SINGULARITY
by Marie Howe (after Stephen Hawking)
Do you sometimes want to wake up to the singularity
we once were?
so compact nobody
needed a bed, or food or money —
nobody hiding in the school bathroom
or home alone
pulling open the drawer
where the pills are kept.
For every atom belonging to me as good
Belongs to you. Remember?
There was no Nature. No
them. No tests
to determine if the elephant
grieves her calf or if
the coral reef feels pain. Trashed
oceans don’t speak English or Farsi or French;
would that we could wake up to what we were
— when we were ocean and before that
to when sky was earth, and animal was energy, and rock was
liquid and stars were space and space was not
at all — nothing
before we came to believe humans were so important
before this awful loneliness.
Can molecules recall it?
what once was? before anything happened?
No I, no We, no one. No was
No verb no noun
only a tiny tiny dot brimming with
is is is is is
All everything home
Eka Pada Śīrsāsana ~~ one leg head pose
There are poses to explore very very carefully all on one’s own, on a day off from taking care of others... Times to both forget oneself and to vigilantly take care.

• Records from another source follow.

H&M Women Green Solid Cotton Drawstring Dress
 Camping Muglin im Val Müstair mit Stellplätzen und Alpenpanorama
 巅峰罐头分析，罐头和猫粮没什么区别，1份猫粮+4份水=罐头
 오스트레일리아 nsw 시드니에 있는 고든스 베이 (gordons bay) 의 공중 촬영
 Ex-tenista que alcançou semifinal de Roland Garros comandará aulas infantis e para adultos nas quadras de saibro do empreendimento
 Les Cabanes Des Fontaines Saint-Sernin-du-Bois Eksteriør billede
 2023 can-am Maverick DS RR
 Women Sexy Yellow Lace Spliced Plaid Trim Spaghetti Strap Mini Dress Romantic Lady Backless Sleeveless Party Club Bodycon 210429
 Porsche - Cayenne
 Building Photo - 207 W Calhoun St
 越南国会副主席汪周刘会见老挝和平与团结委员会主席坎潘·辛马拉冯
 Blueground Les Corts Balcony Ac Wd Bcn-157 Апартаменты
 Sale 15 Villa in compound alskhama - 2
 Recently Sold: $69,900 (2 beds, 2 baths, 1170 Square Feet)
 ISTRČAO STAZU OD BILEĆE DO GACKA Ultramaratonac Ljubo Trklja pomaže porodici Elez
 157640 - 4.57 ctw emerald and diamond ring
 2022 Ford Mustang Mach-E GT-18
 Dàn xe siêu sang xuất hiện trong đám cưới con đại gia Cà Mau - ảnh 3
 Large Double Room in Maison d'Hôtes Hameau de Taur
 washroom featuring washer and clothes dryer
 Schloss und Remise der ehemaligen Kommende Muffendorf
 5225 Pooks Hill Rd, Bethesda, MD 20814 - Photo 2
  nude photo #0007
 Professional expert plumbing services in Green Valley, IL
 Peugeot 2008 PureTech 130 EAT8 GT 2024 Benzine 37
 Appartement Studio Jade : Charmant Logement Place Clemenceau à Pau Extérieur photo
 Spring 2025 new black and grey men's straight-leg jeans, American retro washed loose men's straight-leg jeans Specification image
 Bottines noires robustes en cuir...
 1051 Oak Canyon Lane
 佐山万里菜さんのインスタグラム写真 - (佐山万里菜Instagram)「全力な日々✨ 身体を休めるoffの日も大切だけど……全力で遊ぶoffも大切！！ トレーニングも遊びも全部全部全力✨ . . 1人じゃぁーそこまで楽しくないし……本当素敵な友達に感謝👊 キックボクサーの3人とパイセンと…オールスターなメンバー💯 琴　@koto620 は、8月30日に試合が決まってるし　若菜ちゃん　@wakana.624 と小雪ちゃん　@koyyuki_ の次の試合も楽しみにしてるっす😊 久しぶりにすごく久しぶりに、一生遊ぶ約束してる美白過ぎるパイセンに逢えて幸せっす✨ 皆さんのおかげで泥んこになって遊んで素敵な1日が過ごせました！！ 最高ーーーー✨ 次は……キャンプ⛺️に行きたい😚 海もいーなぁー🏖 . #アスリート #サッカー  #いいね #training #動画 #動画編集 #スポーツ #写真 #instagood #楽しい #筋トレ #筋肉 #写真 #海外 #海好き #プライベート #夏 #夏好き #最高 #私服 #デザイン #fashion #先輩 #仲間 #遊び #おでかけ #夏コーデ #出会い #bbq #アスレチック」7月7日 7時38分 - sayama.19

In the early years of study with my teacher, he didn’t say much to me, but I do remember how he’d say “take care.” I wanted to become a teacher to help other people. He kept pointing me to the fact it was needed to first learn how to take care of myself and to face my problems with practice— whether back pain or depression. This must come first because it’s the basis to gain real experience and wisdom to share with others. When someone who has been there is showing the way and keeps telling you it is possible and you eventually trust them to go there in your practice and face all that you were hiding from, that becomes a tremendous gift. It’s more than the solution of those problems of the present.
The gift of self-understanding gained through practice later belongs to the universe. It doesn’t belong to any one of us.